PERSIANS AND JEWS HAVE NOT ALWAYS BEEN ENEMIES

 

Who still reads the Bible in Israel, at least in government circles? We can wonder after Benjamin Netanyahu’s recent visit to Moscow. And Vladimir Putin, whose atheistic education can be an excuse, does not seem to be better informed.

When received at the Kremlin, the Israeli Prime Minister violently criticized Iran, which is allied to Russia in the Middle East: "2,500 years ago,” he said, “there was an attempt in Persia to annihilate the Jewish people", recalling the festival of Purim (12 and 13 March) which, according to Jewish tradition, celebrates the Jews’ victory over those who had then planned to exterminate them.

"Today's Iran, the heir of Persia, is renewing the attempt to destroy the Jewish State.  They say so in the clearest way: they write it on their missiles”, Netanyahu added.

"Maybe, but that was in the 5th century BC,” the Russian president replied ironically, but no more accurately. "Today, we live in a different world," he concluded.

A different world, no doubt. But what happened in the 5th (or 4th, we don’t know for sure) century BC has nothing to do with what either Netanyahu or Putin said.

The history of pre-Christian antiquity shows quite the opposite:  the Jews then had no better ally than the Persians.

The Jews were deported to Babylon by the Chaldeans as a result of the conquest of Jerusalem by king Nabuchodonosor in 586 BC. Fifty years later, the Jews were set free by Cyrus, king of Persia. In the meantime, the Persians    had eliminated the Chaldeans and taken Babylon.

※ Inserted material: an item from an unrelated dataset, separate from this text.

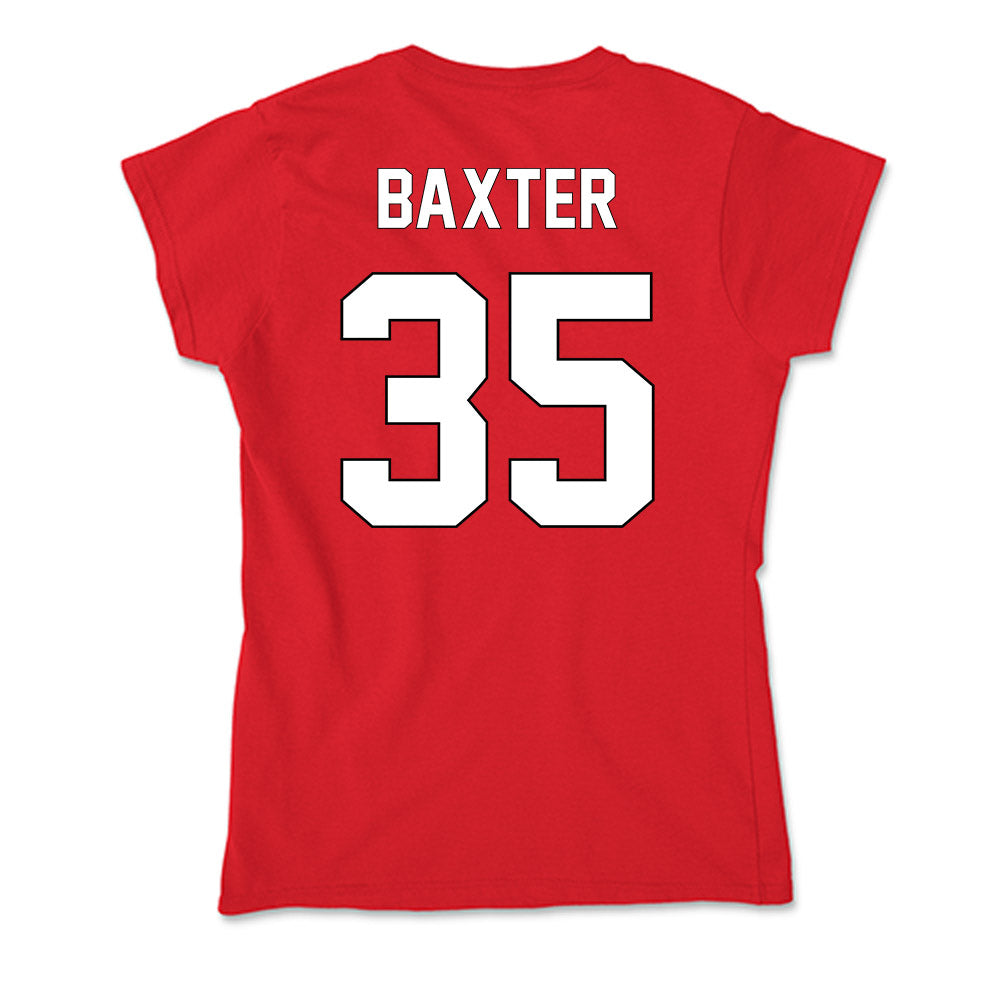 Maryland - Men's Basketball Alumni : Lonny Baxter - Soft Style Women’s T-Shirt-1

Cyrus did not merely set the Jews free; he resettled some of them in Jerusalem: 40, 000 returned; the others stayed in Mesopotamia. He appointed a Jewish governor, Nehemiah. It was under Persian political domination that the Temple of Jerusalem was rebuilt. Moreover, that was when the Hebrew Bible was developed in the version we know today. Even if it traditionally comes from Moses (at least the first five books containing the Torah), most historians believe that the hard core was written down at the time of Nehemiah under Cyrus’s protection. It is barely an exaggeration to say that the substance of Judaism took shape under Persian supervision.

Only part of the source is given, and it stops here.